● **TASK DATA**:
━━━━━━━━━━━━━━━━
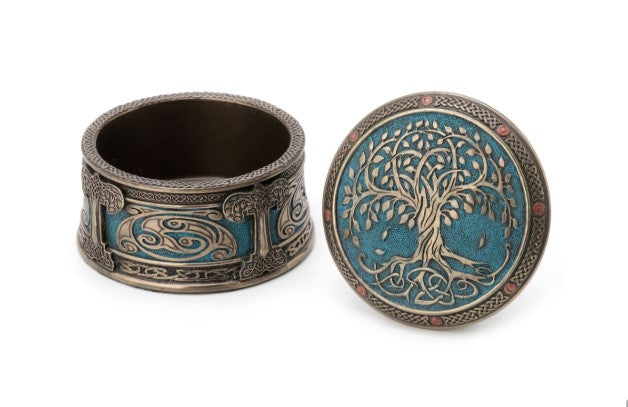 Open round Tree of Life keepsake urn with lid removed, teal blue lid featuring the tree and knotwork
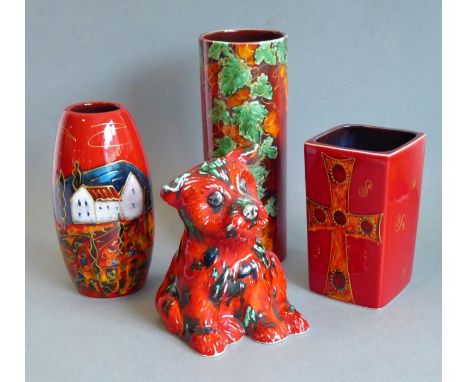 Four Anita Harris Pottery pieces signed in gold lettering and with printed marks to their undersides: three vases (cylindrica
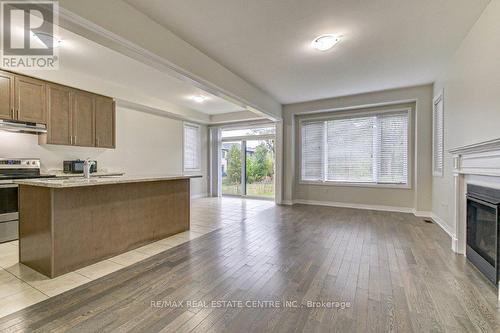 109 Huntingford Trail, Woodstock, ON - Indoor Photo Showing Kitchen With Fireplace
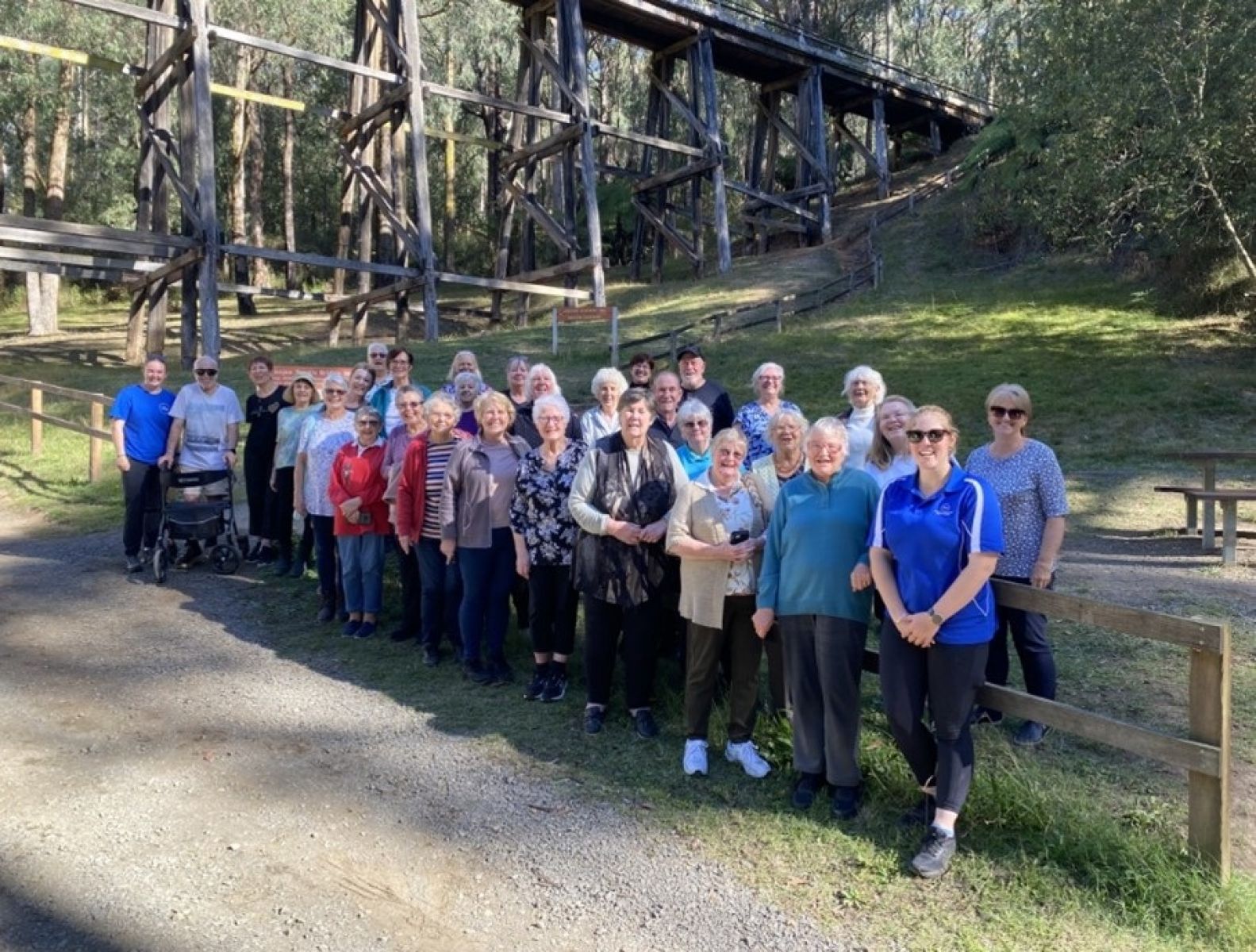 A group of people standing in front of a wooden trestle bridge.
━━━━━━━━━━━━━━━━
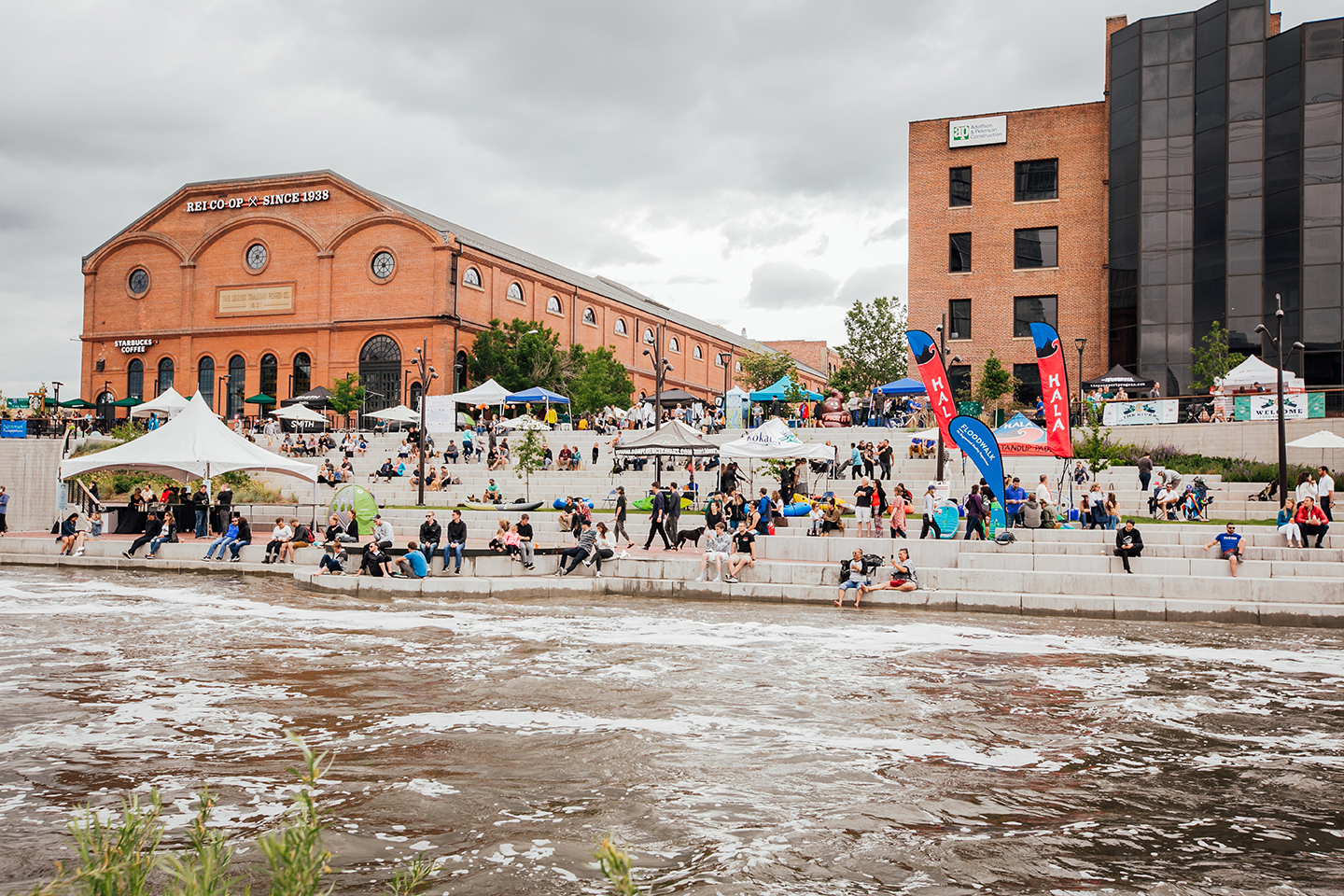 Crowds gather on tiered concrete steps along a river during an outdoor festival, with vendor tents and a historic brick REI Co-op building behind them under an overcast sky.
━━━━━━━━━━━━━━━━
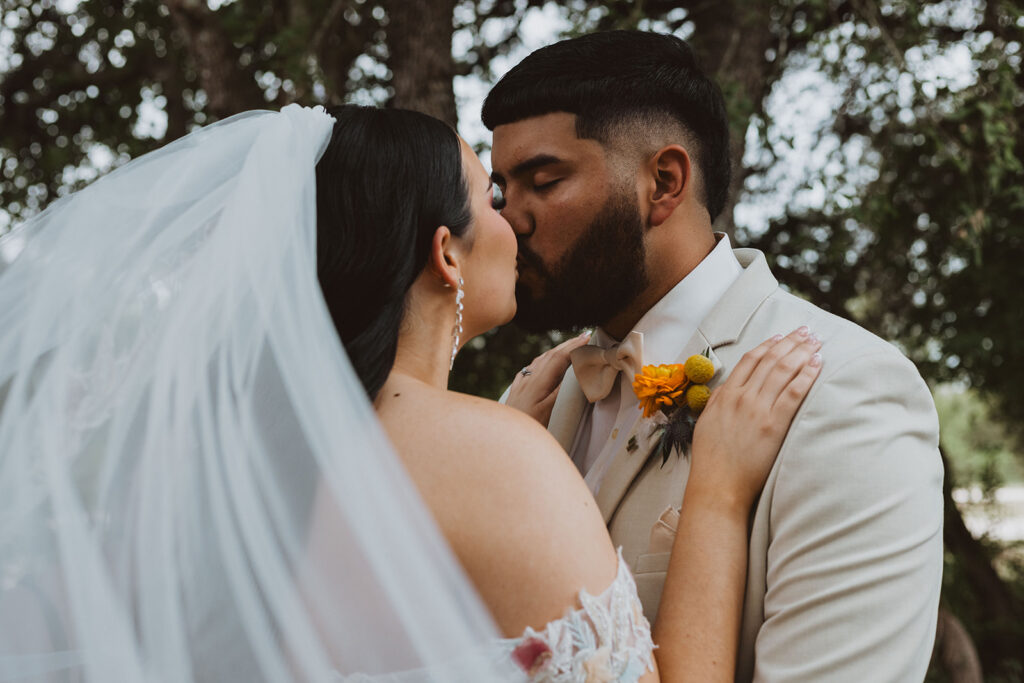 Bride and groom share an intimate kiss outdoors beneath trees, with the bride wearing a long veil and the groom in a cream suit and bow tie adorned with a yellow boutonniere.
━━━━━━━━━━━━━━━━
● **YOUR OBJECTIVE**: Given the listing above, repeat exactly the lines starting at the one with "Open round Tree" and ending at the one with "A group of people", inclusive, excluding pictures.

● **RESULT OF THIS EXERCISE**:
 Open round Tree of Life keepsake urn with lid removed, teal blue lid featuring the tree and knotwork
 Four Anita Harris Pottery pieces signed in gold lettering and with printed marks to their undersides: three vases (cylindrica
 109 Huntingford Trail, Woodstock, ON - Indoor Photo Showing Kitchen With Fireplace
 A group of people standing in front of a wooden trestle bridge.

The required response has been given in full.